Work item
Will you write out the data exactly, excluding every picture?

Captioned web images
**********
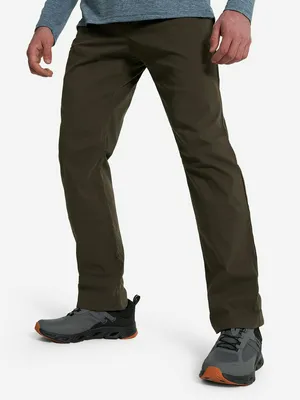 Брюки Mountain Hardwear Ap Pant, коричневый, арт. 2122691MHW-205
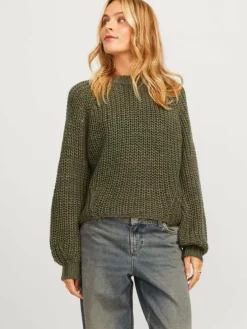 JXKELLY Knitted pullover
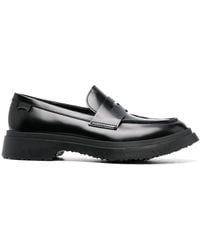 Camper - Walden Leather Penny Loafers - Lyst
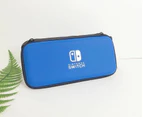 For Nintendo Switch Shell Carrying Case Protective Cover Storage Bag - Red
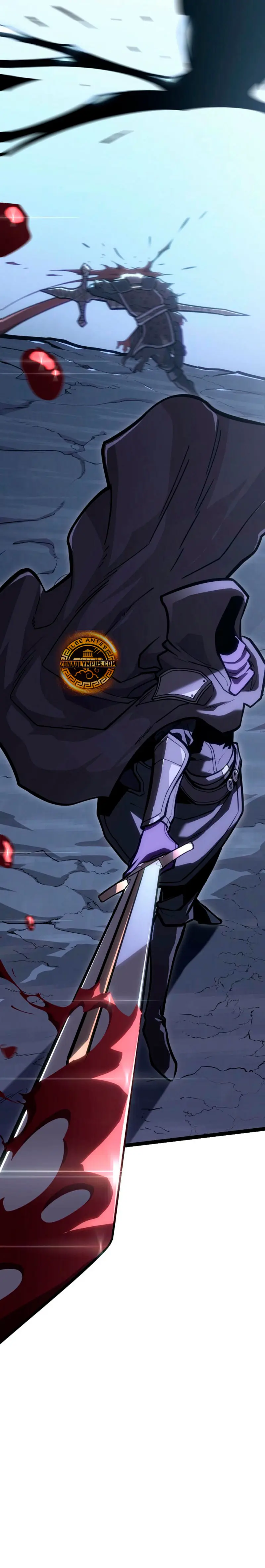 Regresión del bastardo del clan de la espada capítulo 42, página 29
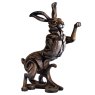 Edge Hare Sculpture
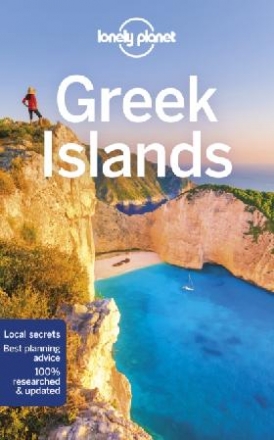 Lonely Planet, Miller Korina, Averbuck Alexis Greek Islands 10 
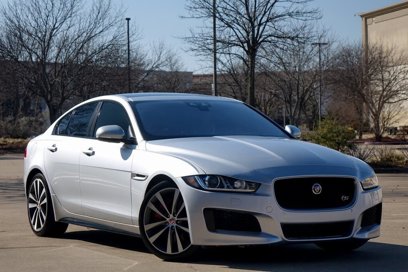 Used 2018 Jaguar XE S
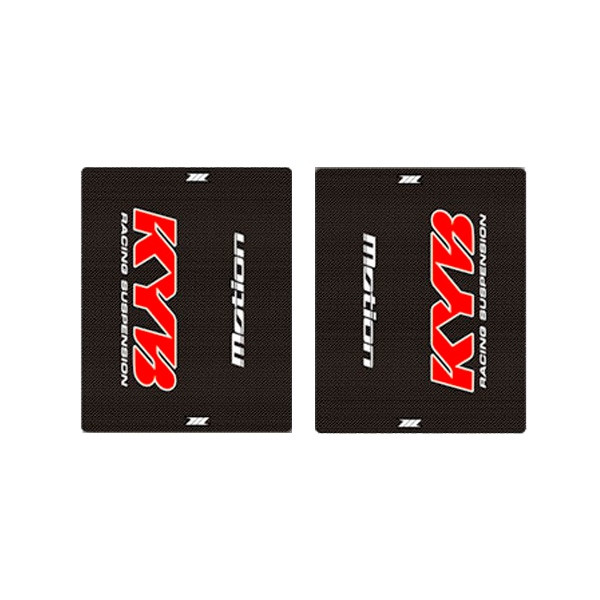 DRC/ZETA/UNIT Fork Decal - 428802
**********
The answer
 Брюки Mountain Hardwear Ap Pant, коричневый, арт. 2122691MHW-205
 JXKELLY Knitted pullover
 Camper - Walden Leather Penny Loafers - Lyst
 For Nintendo Switch Shell Carrying Case Protective Cover Storage Bag - Red
 Regresión del bastardo del clan de la espada capítulo 42, página 29
 Edge Hare Sculpture
 Lonely Planet, Miller Korina, Averbuck Alexis Greek Islands 10 
 Used 2018 Jaguar XE S
 DRC/ZETA/UNIT Fork Decal - 428802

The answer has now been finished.